- What to do:
Write out each record in full and exactly as given. Skip any pictures.
*** Opening Data to process ***
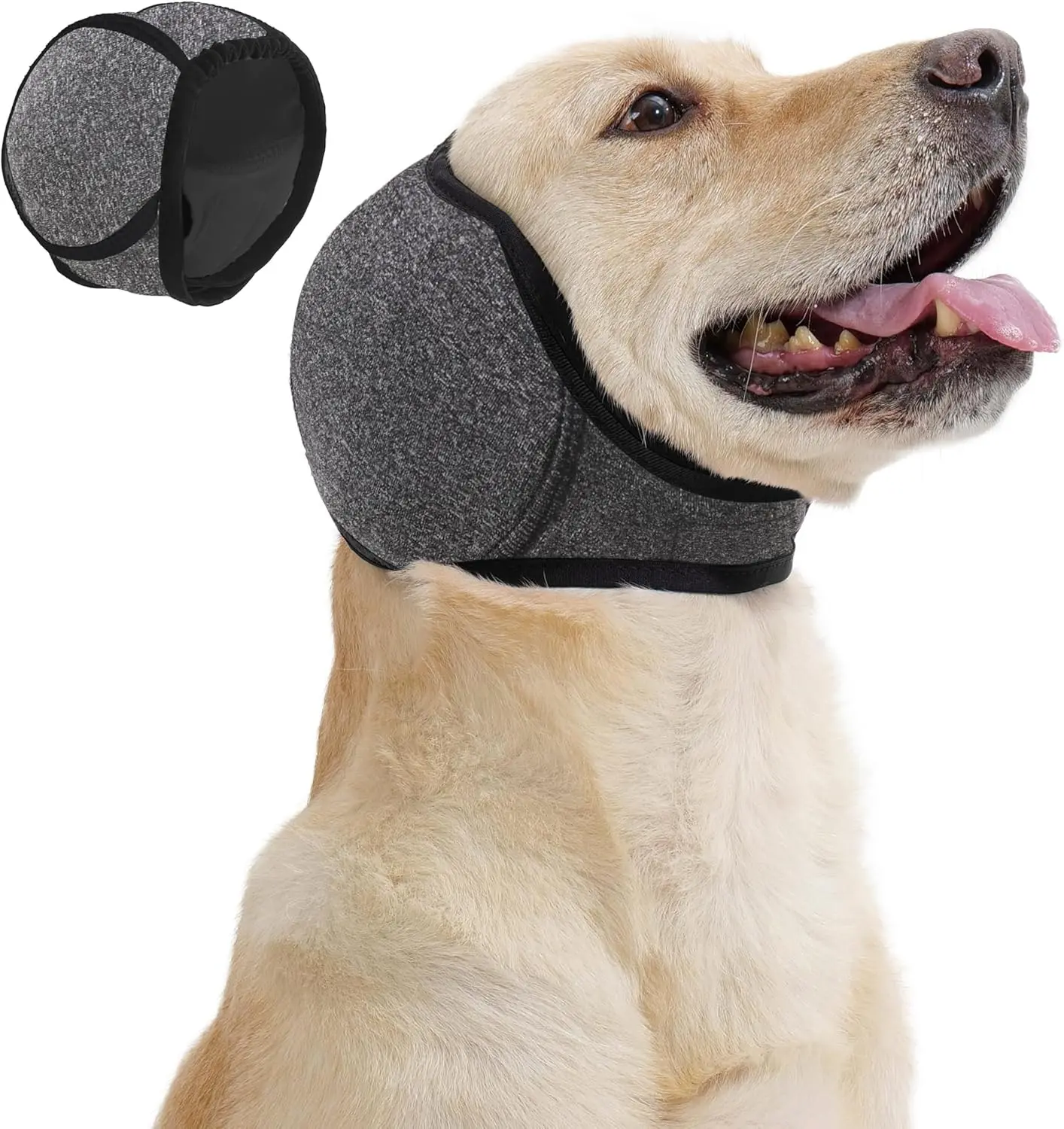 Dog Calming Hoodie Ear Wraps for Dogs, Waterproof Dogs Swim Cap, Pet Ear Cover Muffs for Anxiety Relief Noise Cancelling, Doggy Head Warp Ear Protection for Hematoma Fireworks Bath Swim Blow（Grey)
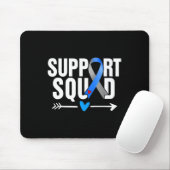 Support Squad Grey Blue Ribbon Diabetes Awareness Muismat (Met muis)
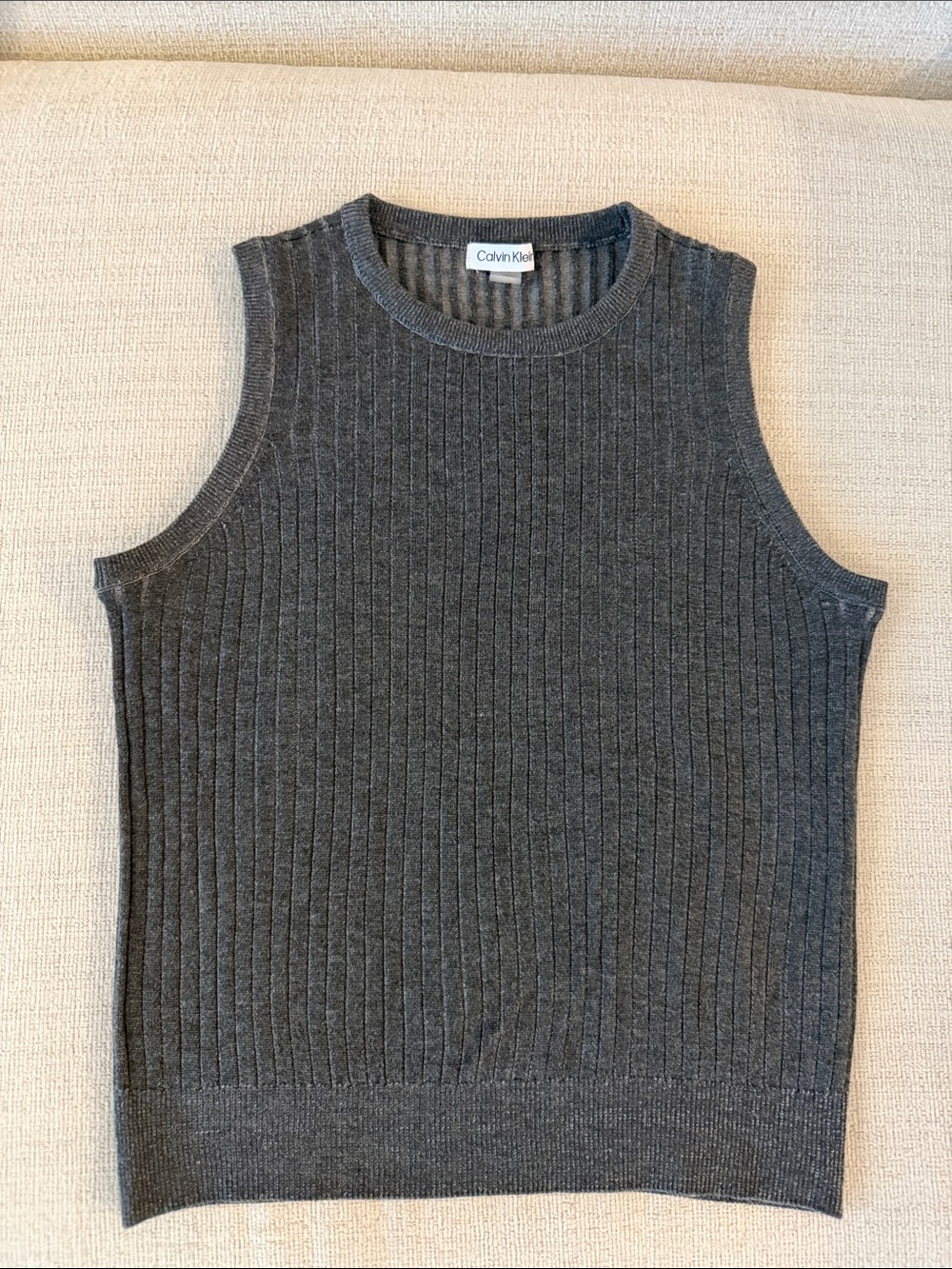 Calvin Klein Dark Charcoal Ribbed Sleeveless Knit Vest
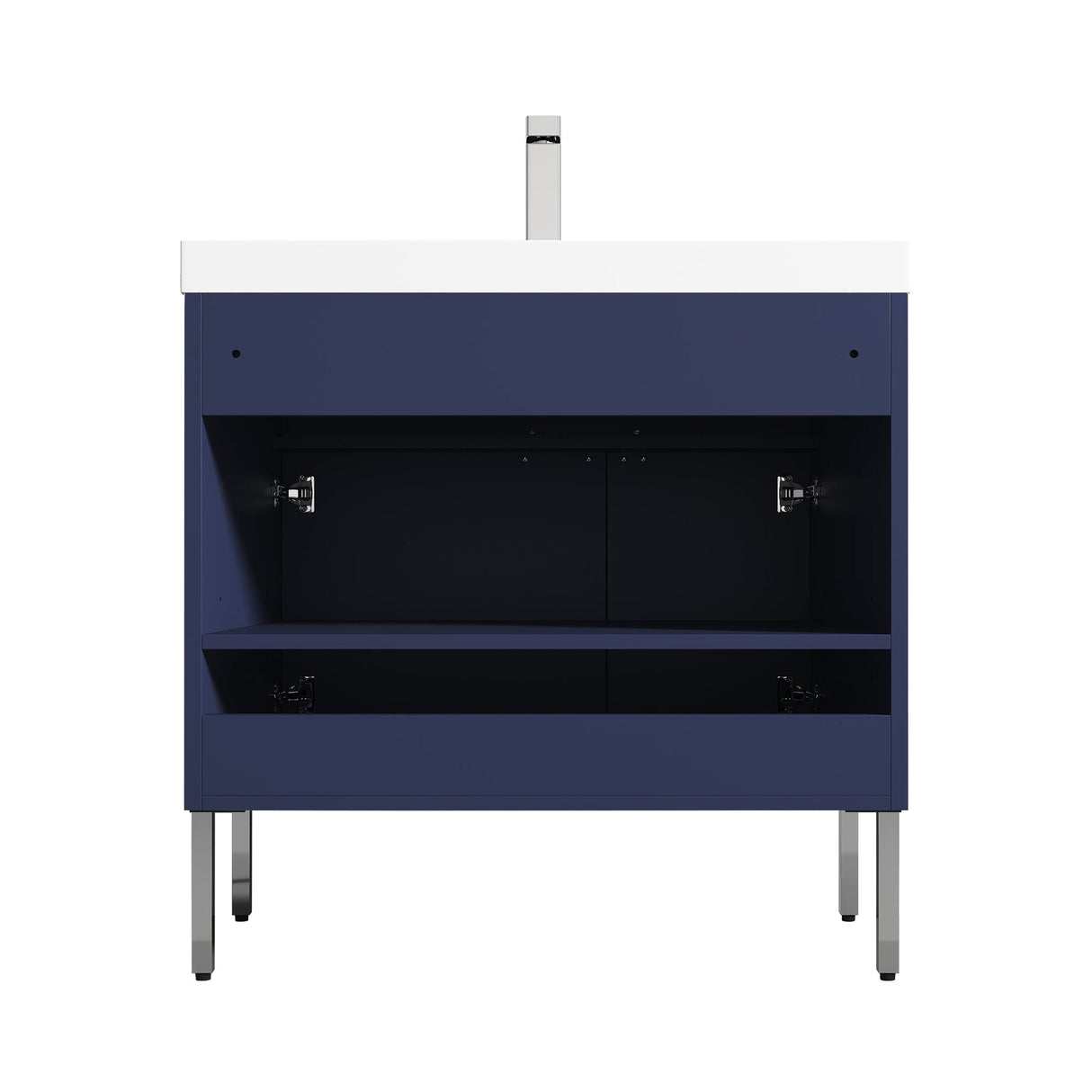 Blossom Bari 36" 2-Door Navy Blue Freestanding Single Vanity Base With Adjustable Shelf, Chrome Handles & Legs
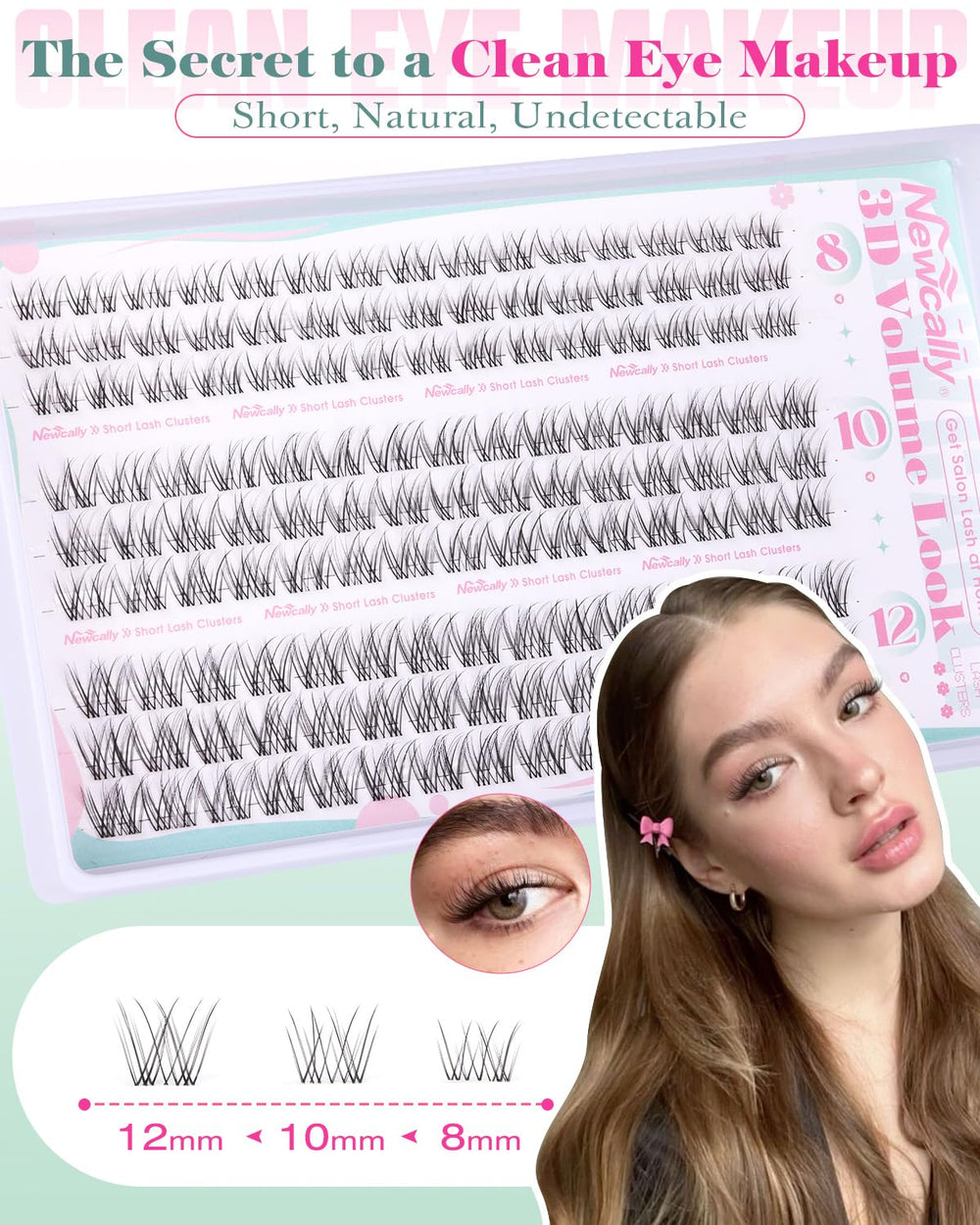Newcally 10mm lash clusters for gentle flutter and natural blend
*** Closing Data to process ***
- Your solution:
 Dog Calming Hoodie Ear Wraps for Dogs, Waterproof Dogs Swim Cap, Pet Ear Cover Muffs for Anxiety Relief Noise Cancelling, Doggy Head Warp Ear Protection for Hematoma Fireworks Bath Swim Blow（Grey)
 Support Squad Grey Blue Ribbon Diabetes Awareness Muismat (Met muis)
 Calvin Klein Dark Charcoal Ribbed Sleeveless Knit Vest
 Blossom Bari 36" 2-Door Navy Blue Freestanding Single Vanity Base With Adjustable Shelf, Chrome Handles & Legs
Newcally 10mm lash clusters for gentle flutter and natural blend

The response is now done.